Quiero ver en la figura de este joven mexicano al tipo de católico sin remilgos que todos podríamos ser. Se persigna, le juega de tú a tú al CR7, no se arredra cuando éste lo humilla o cuando Carlo Ancelotti lo deja en la banca sin voltear a verlo. Él trabaja, no deja un segundo de trabajar. Está preparado para cuando el técnico del Real Madrid deje de mascar chicle un segundo, mire a su elenco de recambio y se percate que ahí está y que está para jugar y dar gloria a Dios.
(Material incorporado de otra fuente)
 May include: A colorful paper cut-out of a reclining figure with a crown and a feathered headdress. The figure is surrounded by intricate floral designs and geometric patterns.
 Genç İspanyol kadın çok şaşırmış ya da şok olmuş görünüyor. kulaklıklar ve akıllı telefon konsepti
La prensa española le pregunta sobre dónde va a querer fichar ahora que su carta se ha revalorado. La respuesta es antológica: “Donde Dios quiera”. Los deja a todos con un palmo de narices. Porque piensan que en “el juego del hombre” (Ángel Fernández así bautizó al futbol) lo único que importa es el dinero. En el partido contra el Celta del domingo pasado, un aficionado sacó a relucir el cartel: “Chicharito: el orgullo de Guanatos”. De Guadalajara, pues. Que ahí nació. Nieto de futbolista; hijo de futbolista. Su abuela lo enseñó a rezar. Sus figuras masculinas a jugar bien. Las femeninas a hacer el bien.
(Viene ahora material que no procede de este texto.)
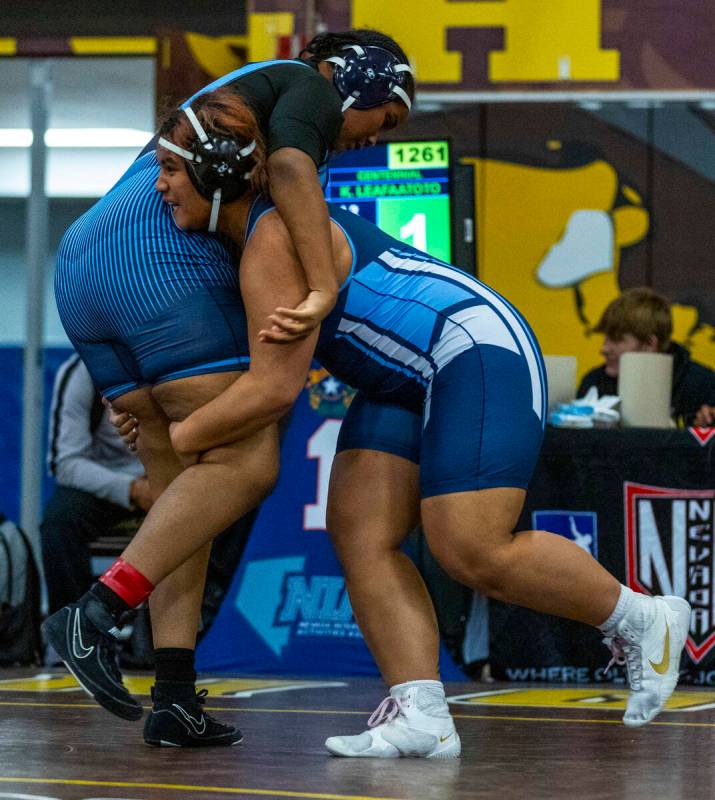 Canyon Springs’ Isabella Gray is lifted up by Centennial’s Kitana Leafaatoto duri ...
En el vestuario del Madrid, plagado de estrellas de otras galaxias, todos lo quieren. Se hace querer. Ayuda. Pide disculpas cuando la riega. Es consciente de sus limitaciones. Pero, también, es consciente de su capacidad y de su movilidad. De su olfato, fruto del trabajo y del empeño. No voy a caer en el patrioterismo ni a identificar nuestro destino con el del Tri. Esas son tonterías. Quiero, más bien, especular que, en estos tiempos oscuros, el Chicharito es una muestra de que lo mexicano y lo católico suman. Y no nada más goles.